A relação entre Cartola e o neto  foi desgastada ao longo dos anos, e o lugar de Reizilan foi “ocupado por pessoas que se apoderaram da obra de Cartola”, diz ele sobre Dona Zica e seus familiares. “Hoje só sinto tristeza ao lembrar desses momentos, vendo o distanciamento ao qual eles me impuseram. Nem sei se meu avô em vida soube que eu havia estado em sua casa para vê-lo inúmeras vezes”.

Apesar de não culpar ninguém por sua mãe ter sido “apagada” da história, Reizilan condena o comportamento dos familiares de Dona Zica. “Eles dizem que são verdadeiros netos de Cartola, e que eu estou querendo viver na aba do chapéu do avô deles. É como se eles tivessem nascido em Mangueira e vivido tudo que eu vivi quando criança”.

Reizilan briga para ser reconhecido como neto de Cartola por uma questão de honra, para zelar pela memória da mãe. Mesmo sem ter criado um vínculo com ele e guardando tantas lembranças negativas acerca daqueles que o rodeavam, o músico afirma que seu passado, presente e futuro foram revirados. “Não posso mentir e dizer que isso não aconteceu, que não sou neto dele. Luto para resgatar o nome da minha mãe junto ao nome dele, e resta no futuro apagar essas memórias ruins”.

PARTE III: A MÚSICA


(trechos de comentários sobre "O mundo é um moinho", recolhidos do youtube)

"A letra é realmente bonita, se inicia justamente com a referência a ser cedo… a personagem com quem o eu-lírico dialoga é jovem e inexperiente, não conhece nada da vida e anuncia sua partida, e ela é advertida de que segue um caminho sem rumo…

Na segunda estrofe, o eu-lírico tenta convencê-la (embora tenha consciência e até resignação de que não terá êxito) de que ao sair ela vai se perder, a vida vai se perder, sua própria identidade vai-se embora…

E, nesse momento, na terceira estrofe, vem a parte mais aguda, que compara o mundo a um moinho, que tritura sonhos e pulveriza ilusões… é uma imagem, um vaticínio de desesperança, como que a vida fosse sepultar as ilusões daquela que se despede, e que tem por trás o apelo implícito para que ela volte, ou melhor, para que ela não vá…

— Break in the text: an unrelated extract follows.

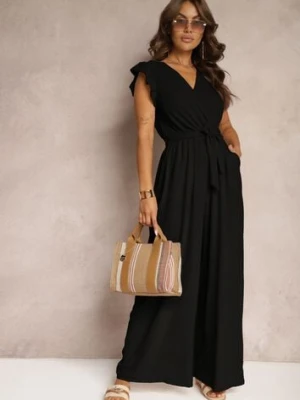 Czarny Koktajlowy Kombinezon Wiązany Paskiem Wykończony Falbankami przy Ramionach Vimaseni lovery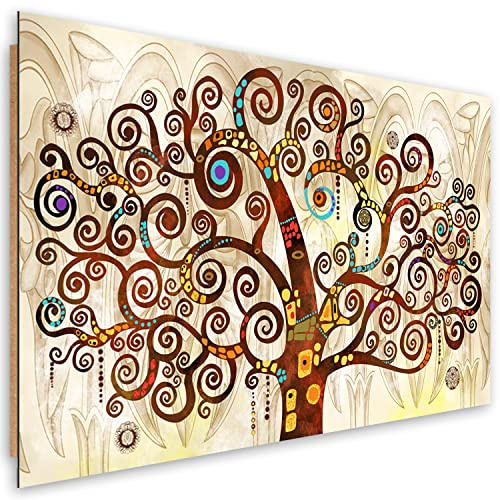 Feeby Quadro 120x80 cm Albero della vita Gustav Klimt 1 parte Stampa Murale Fotografia Decorazione da parete Immagini Moderni per Soggiorno Camera da Letto Ufficio arte astratta arancione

Repare-se, porém, que a letra fala em reduzir teus sonho, “tão mesquinho" e não mesquinhos. Isso muda completamente o sentido. O mundo é que é mesquinho, e não os sonhos... 

Por fim, ele alerta para as desilusões amorosas… “preste atenção querida”, a advertência de um pai que ama a filha, é como se a moça fosse cair na vida… e em vez de abrir-se ao amor, abre-se ao cinismo, e a busca, esta descoberta do suposto e dito falso “amor” seria um caminho que a personagem estaria cavando para a própria derrocada…

Mais que uma advertência, é um pedido desesperado para que ela permaneça… e a canção assim entrou para a história". 


PARTE IV: NOSSA RESPOSTA

E cá estou eu, há cerca de três anos, tentando criticar esse mestre, essa pessoa maravilhosa da nossa música, grande Cartola. Nesse tempo, desde que me ocorreram sentimentos profundos sobre essa música, tenho pesquisado sobre o artista, sua vida e sua obra, e a história por traz da canção. Desde o belo filme CARTOLA-MÚSICA PARA OS OLHOS, documentário da Globo Filmes de 2007, de Lírio Ferreira e Hilton Lacerda, passando por inúmeros vídeos que analisam a música, até as inúmeras biografias do Cartola - todos eles realizados por homens. Também ouvi as várias interpretações, desde a do próprio Cartola, passando por Ney Matogrosso, Beth Carvalho, e chegando à gravação do seu xará, Cazuza, que também se chamava Angenor... 

Sem deixar de considerar a delicadeza de um pai amoroso, tentávamos ouvir essa letra da perspectiva da filha, Creusa, uma adolescente de 16 anos que, na nossa visão,  APENAS queria sair de casa, se construir enquanto pessoa, apropriar dos seus desejos, responder de forma autônoma  à questão tão importante para a vida: quem sou eu, quem eu quero ser para além do que fui "educada para". 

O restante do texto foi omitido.